Integrante de uma família rica e tradicional de Jardim dos Angicos, que na época era um distrito de Lajes, Luisa Alzira Teixeira Soriano casou-se cedo com o promotor de justiça pernambucano Thomaz Soriano, com quem teve três filhas.
Viúva com apenas 22 anos – o marido foi vítima da gripe espanhola – Alzira e as filhas voltaram a viver com os pais dela, em Jardim dos Angicos, onde a jovem começou a lidar com a administração da fazenda da família e a se interessar por política por intermédio do pai, que era um influente líder político na região.
A candidatura de Alzira também foi apoiada pelo governador Juvenal Lamartine, sucessor de Bezerra de Medeiros, e pela líder feminista Bertha Lutz, uma das pioneiras do feminismo no Brasil, que visitou o Rio Grande do Norte em 1928.
“Juvenal Lamartine conhecia vovó Alzira que, dizem, era uma mulher que aliava a beleza a um gênio forte e destemido, ou não teria conseguido administrar uma fazenda no sertão nordestino”, explica o jornalista Rudolfo Lago, bisneto e grande admirador da trajetória da matriarca da família.
“A eleição da minha bisavó é um marco importantíssimo na história da emancipação política das mulheres, tanto no Brasil como na América Latina”, diz Lago.
Apesar de histórica, a eleição de Alzira enfrentou problemas em uma sociedade patriarcal e regida pelas oligarquias da República Velha.
Não faltaram críticas e até ofensas pessoais dos adversários da candidata.
Segundo o Dicionário Mulheres do Brasil, organizado por Schuma Schumaher, alguns adversários da candidata falavam, sem o menor constrangimento, que mulheres públicas eram prostitutas. Outros procuravam a família dela para dizer que não ficava bem uma senhora de família entrar para a política.
Candidata escolhida pelo Partido Republicano, Alzira Soriano não se intimidou e venceu a eleição com 60% dos votos válidos sobre o oponente, Sérvulo Pires Neto Galvão. Diante da vergonha de ter perdido a eleição para uma mulher, Sérvulo Pires abandonou a política e a própria cidade.
“Vovó Alzira teve que se impor numa sociedade totalmente masculina, ainda mais em numa pequena localidade do sertão do Nordeste. Não há dúvida de que o peso político que a família já tinha, de alguma forma, ajudou. Mas não fosse uma mulher de personalidade forte, sem dúvida ela não teria conseguido”, explica o bisneto Lago.
“A verdade é que ela conseguiu obter o respeito da sociedade em que vivia e demonstrou muita habilidade pelo período em que administrou a cidade”, completa Lago, citando como emblemática a foto da nova prefeita no dia da sua posse com todo o seu secretariado, formado exclusivamente por homens, ao redor dela.

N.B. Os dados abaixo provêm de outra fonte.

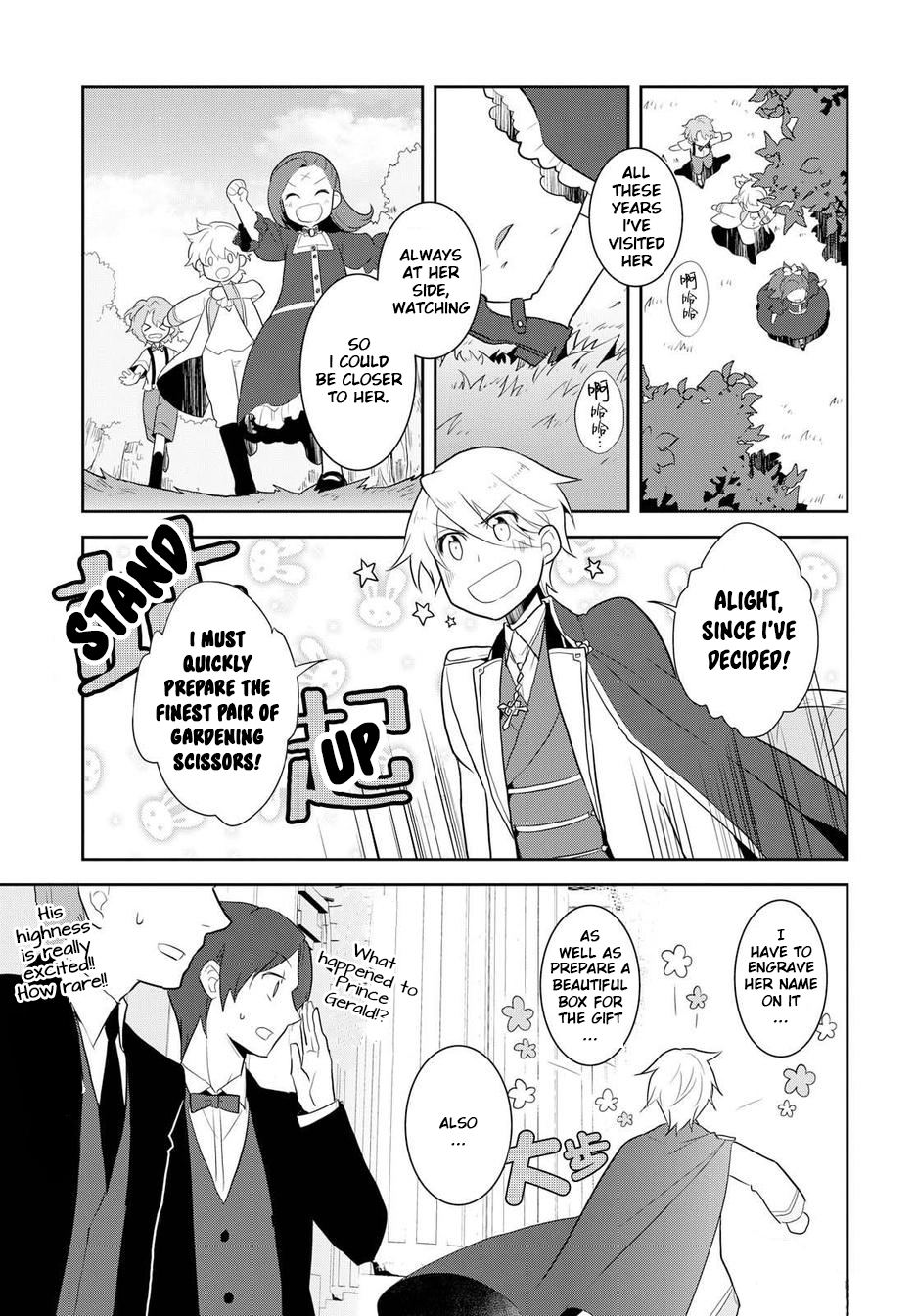Page 12 of Chapter 17.6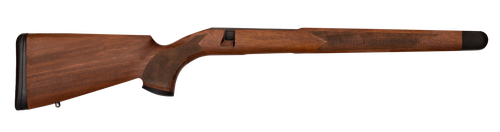 WOOX SH.GNS082.02 SPORTER PREC STOCK REM700 LA WAL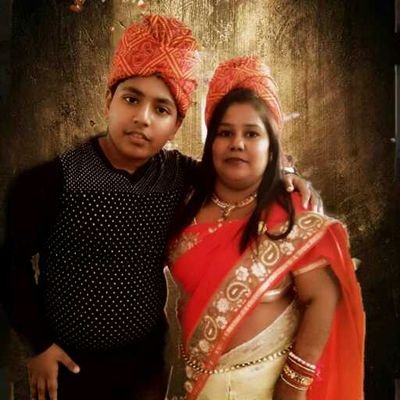 NamanJa67707245's profile picture.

O mandato de Alzira Soriano foi relativamente curto, pois, apesar de ter sido convidada pelo governo federal para permanecer como interventora municipal após a Revolução de 30, ela decidiu renunciar ao cargo por não concordar com os desdobramentos da Revolução e o governo de Getúlio Vargas.
Mesmo assim, seu governo em Lajes ficou marcado pela construção de escolas e obras de infraestrutura, como estradas que ligavam a sede do município aos distritos e melhorias na iluminação pública a gás.
Ela voltaria à política após a redemocratização do país, em 1945, elegendo-se vereadora em Lajes por três mandatos.
“Alzira Soriano foi imponente numa época em que mulher só servia para cuidar da casa. Exemplos como o dela são fundamentais e me causa espanto as pessoas não saberem quem ela foi. A produção do sexismo no poder é histórica”, explica a jornalista com doutorado em Ciência Política Deysi Cioccari.
Ela ressalta, porém, que a eleição não deixou de seguir os costumes da época, como a dominação de grupos políticos específicos no processo eleitoral.
“O poder político do Rio Grande do Norte nesse primeiro período dos anos 1900 esteve nas mãos de duas principais oligarquias: Maranhão e Bezerra de Medeiros, à qual pertencia Alzira”, explica Deysi.
“Ela tinha, inclusive, o apoio do governador. A política não está dissociada de seus contextos históricos, seus grupos, padrões e rupturas”, completa a cientista política, sem tirar os méritos da pioneira no comando de um executivo municipal.
“Ela foi fundamental porque foi mais do que esposa e mãe.”
Mais de 90 anos após a eleição de Alzira Soriano como primeira prefeita brasileira, o país ainda caminha lentamente na participação feminina no comando das prefeituras.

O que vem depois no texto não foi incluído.